The second incident looks much more serious. Firstly, the target of the attack was the U.S. Department of Energy. Secondly, the attack induced a massive leak of personal data of employees of the Department. Judging by the Department’s internal correspondence published by the Wall Street Journal, the personal data of 14,000 current and former employees was compromised. Hackers managed to steal the data by cracking the sanctum sanctorum – the Department’s HR system.

The Department was already hacked in February of this year, but the leak was much smaller- the personal information of “just a few hundred people” leaked. Either way, becoming a victim of cyber attacks twice a year is a real reputation disaster.

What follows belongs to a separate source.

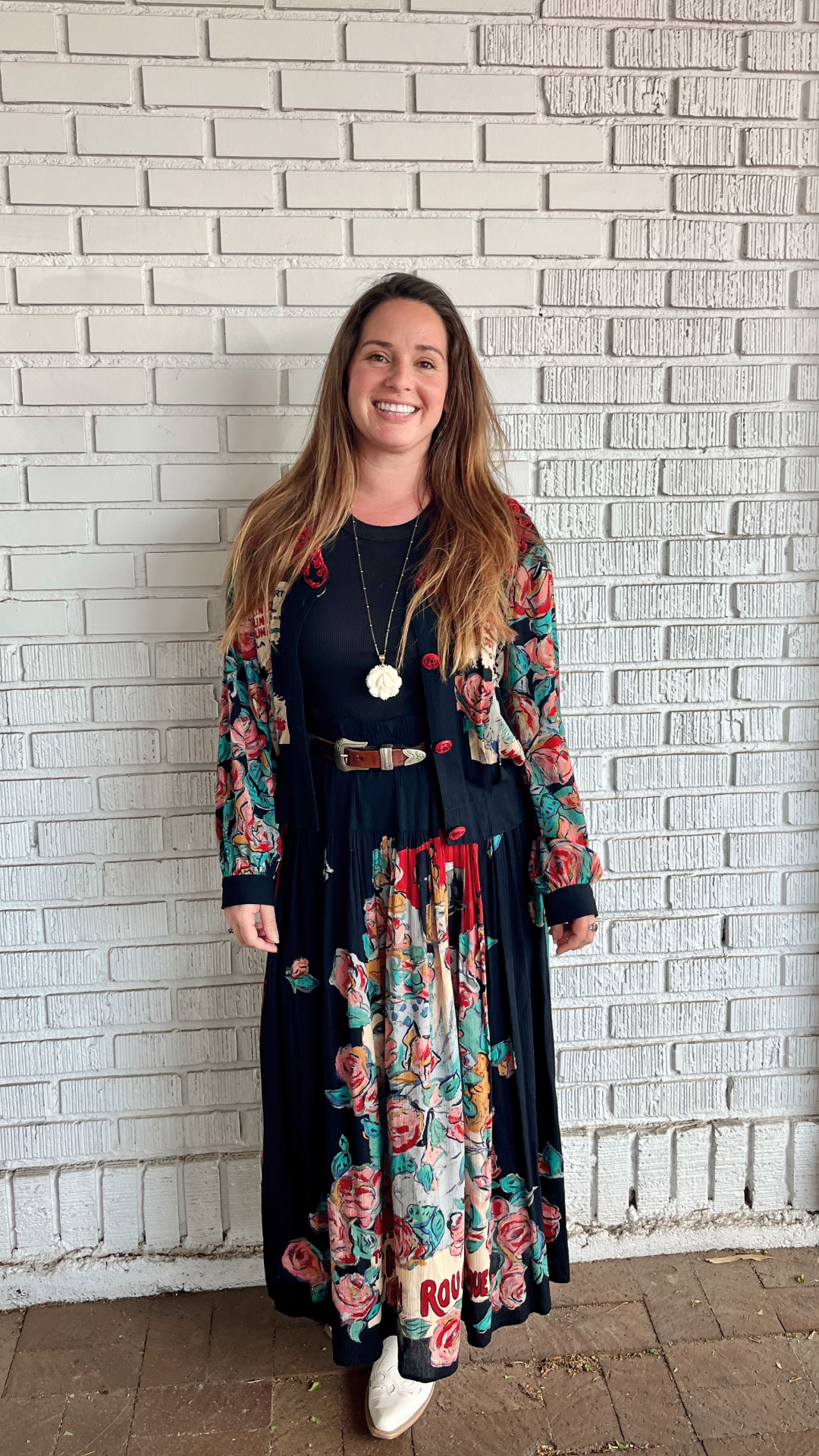 A woman wearing a vintage-inspired floral dress and matching cardigan against a simple brick backdrop.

According to Alan Paller, the founder of the SANS Institute, both the recent and the February attacks are part of a “long-term, intensive campaign to take over large numbers of systems to gain permanent access to sensitive U.S. systems.” Previously such statements were likely to be considered an augmented conspiracy theory, but now, after the disclosure of a number of large cyber espionage campaigns like NetTraveler, statements of this kind have to be taken seriously.

Unfortunately, the seriousness of the situation is often grasped only after an incident has occurred (and even that was not enough in the case of the U.S. Energy Department). A few months earlier, Chinese hackers conducted an attack at the New York Times. In theory, such an attack should have led other administrators of large media corporations and news agencies to think about increasing data security.

Despite the fact that, the means of combating phishing are well developed and effective, and enabling two-factor authentication is not rocket science. Early implementation of these security technologies as well as training ordinary non-technical staff on distinguishing phishing messages from usual ones would have saved a lot of trouble.

There is hope that the WP and the Department of Energy’s grievous experience will become an example for others though, as well as the reason to deploy adequate protection.